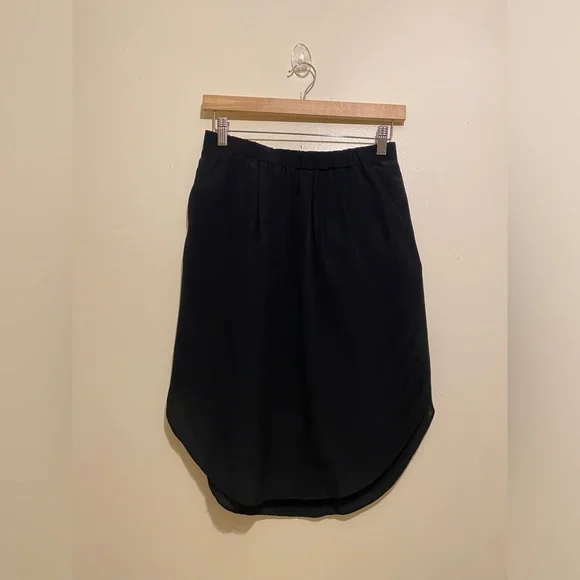Madewell Black 100% Silk Mid-length Straight Island Skirt Elastic Waist. Size S - Picture 2 of 9
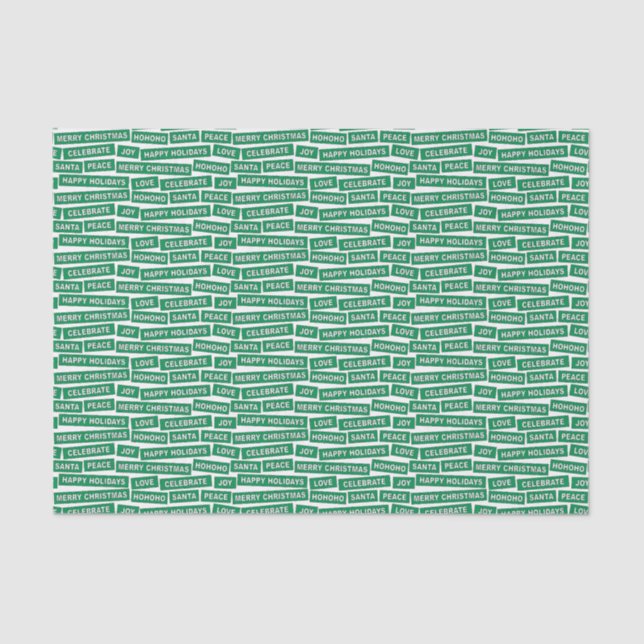 Papel De Seda Palavras de Natal Livro Verde e Branco (Frente )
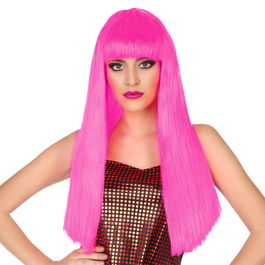 Perruque longue lisse rose avec frange - 60 cm, 120 g - Idéale cosplay, carnaval, style kawaii et fête déguisée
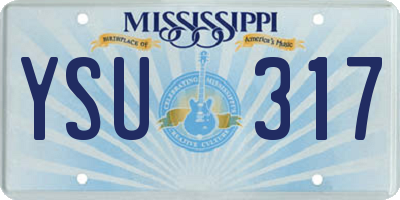 MS license plate YSU317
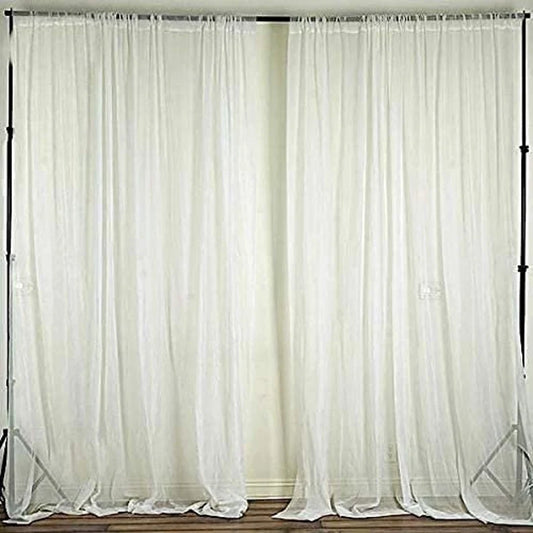 Sheer Voile Chiffon Fabric Draping Panels | Use for Backdrop Curtain 10 Feet Wide ( 1 Panel Ivory ) Choose Size Below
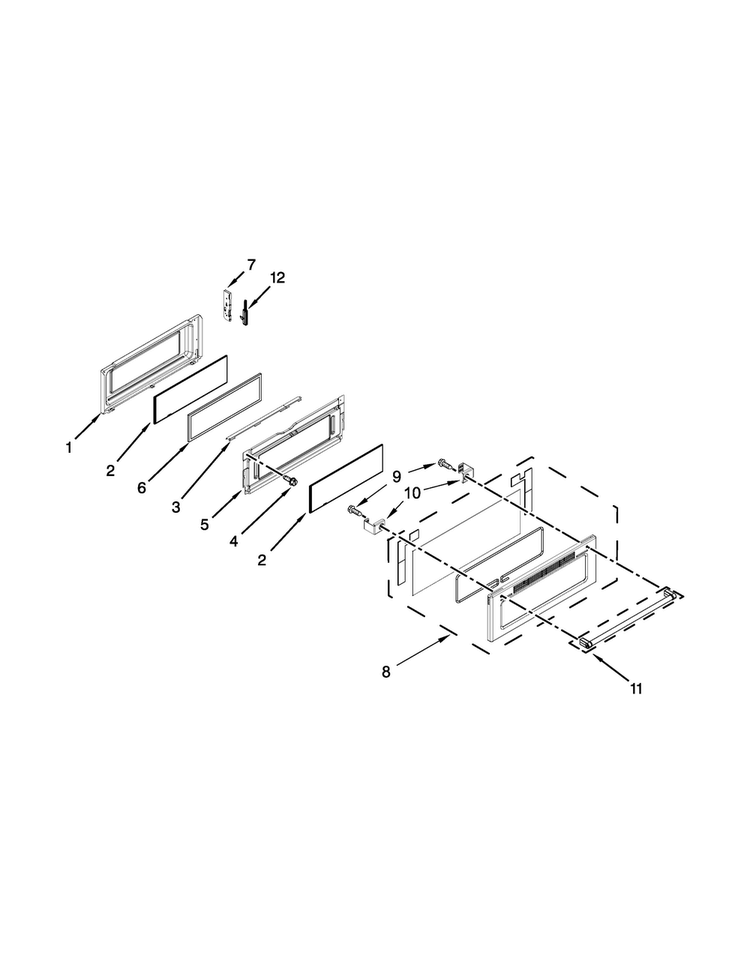 Upper Door Parts Diagram and Parts List for KFID500ESS00  KitchenAid Range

◇ ◇ ◇ ◇ ◇ ◇ ◇

- What the task asks -
Print exactly the lines running from the start of the entries above to the line with "Sheer Voile Chiffon", both included; leave out any pictures.

- Response to the exercise -
Madewell Black 100% Silk Mid-length Straight Island Skirt Elastic Waist. Size S - Picture 2 of 9
 Papel De Seda Palavras de Natal Livro Verde e Branco (Frente )
 Perruque longue lisse rose avec frange - 60 cm, 120 g - Idéale cosplay, carnaval, style kawaii et fête déguisée
 MS license plate YSU317
 Sheer Voile Chiffon Fabric Draping Panels | Use for Backdrop Curtain 10 Feet Wide ( 1 Panel Ivory ) Choose Size Below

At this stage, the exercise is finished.